#### Information provided
• • • •
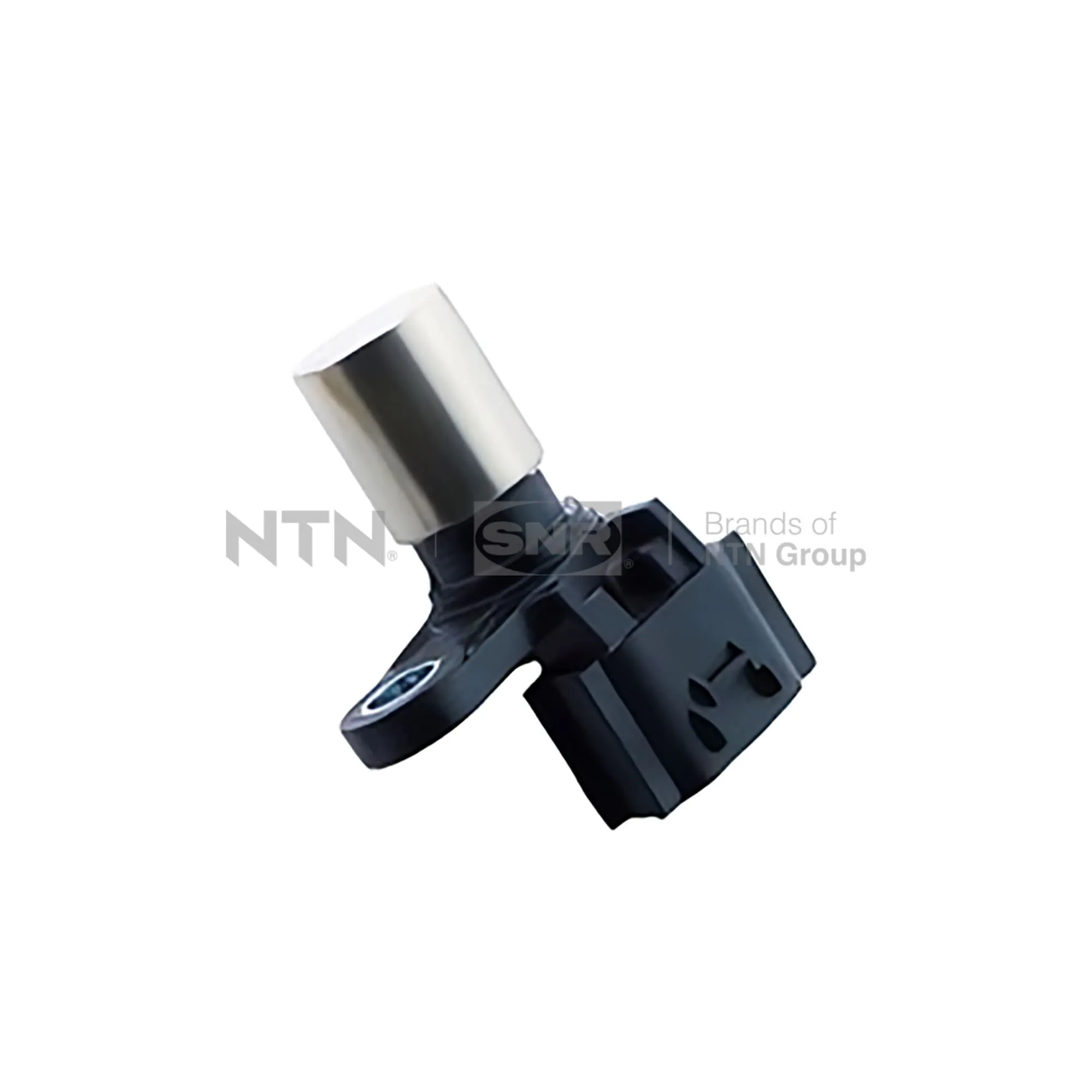 Sensor, crankshaft pulse CKP169.06
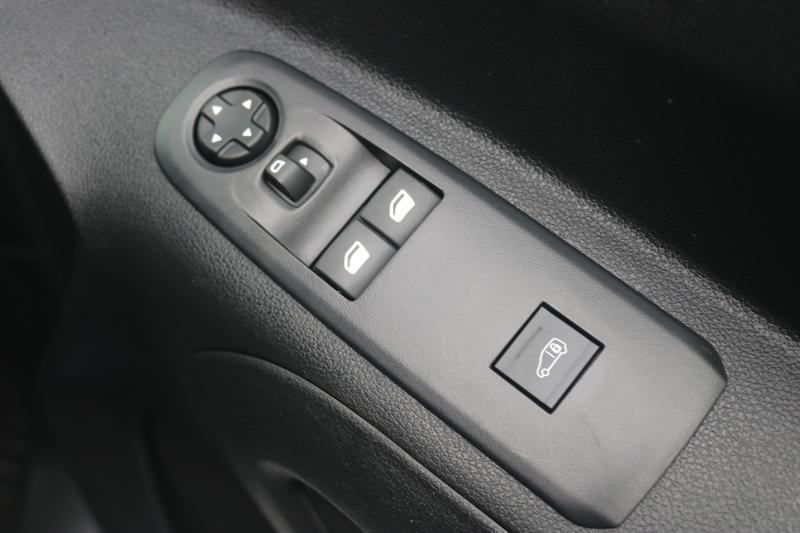 Used Peugeot Partner 2023 for sale - 76467785: Photo 12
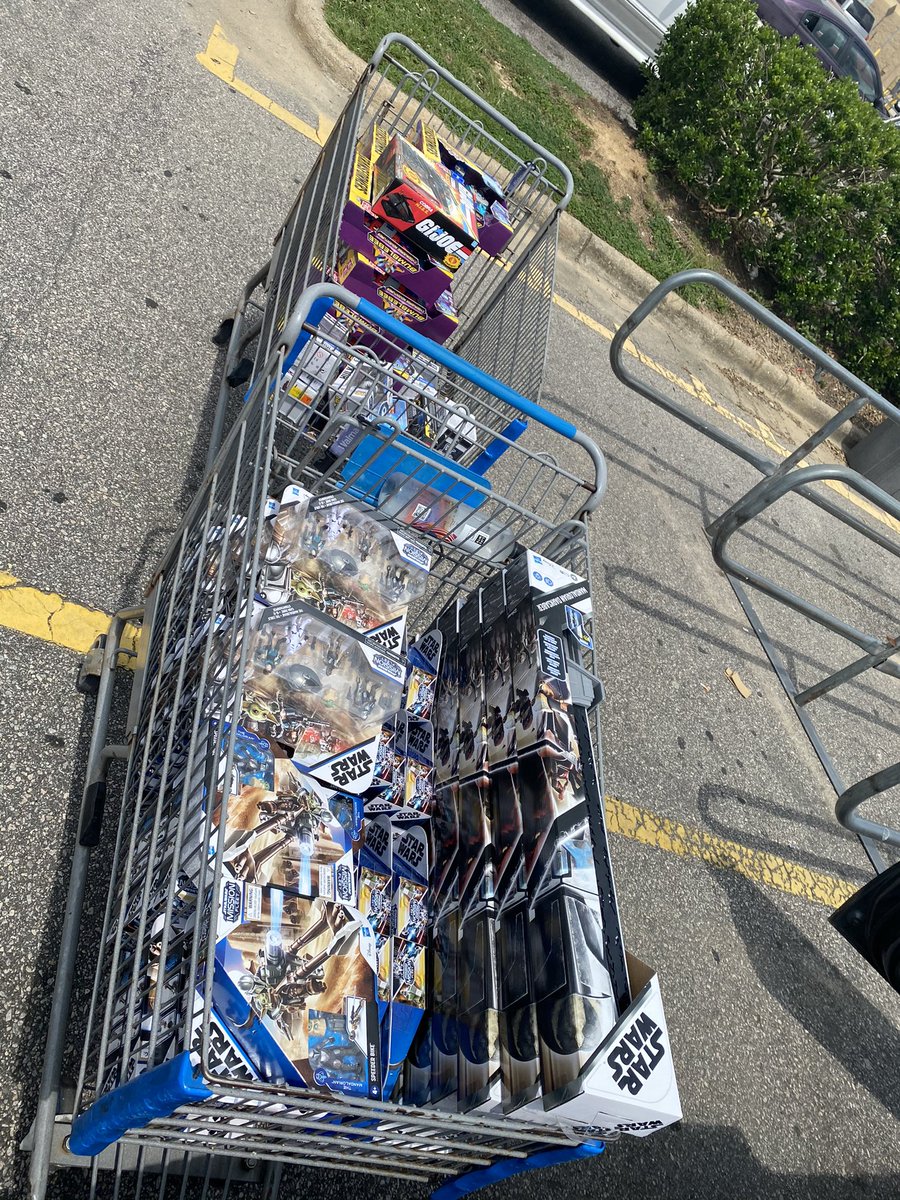 beveledaqua's tweet image. Part Deux #needmoar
• • • •
The output has to match the data above line for line, except that pictures are dropped.

 Sensor, crankshaft pulse CKP169.06
 Used Peugeot Partner 2023 for sale - 76467785: Photo 12
 beveledaqua's tweet image. Part Deux #needmoar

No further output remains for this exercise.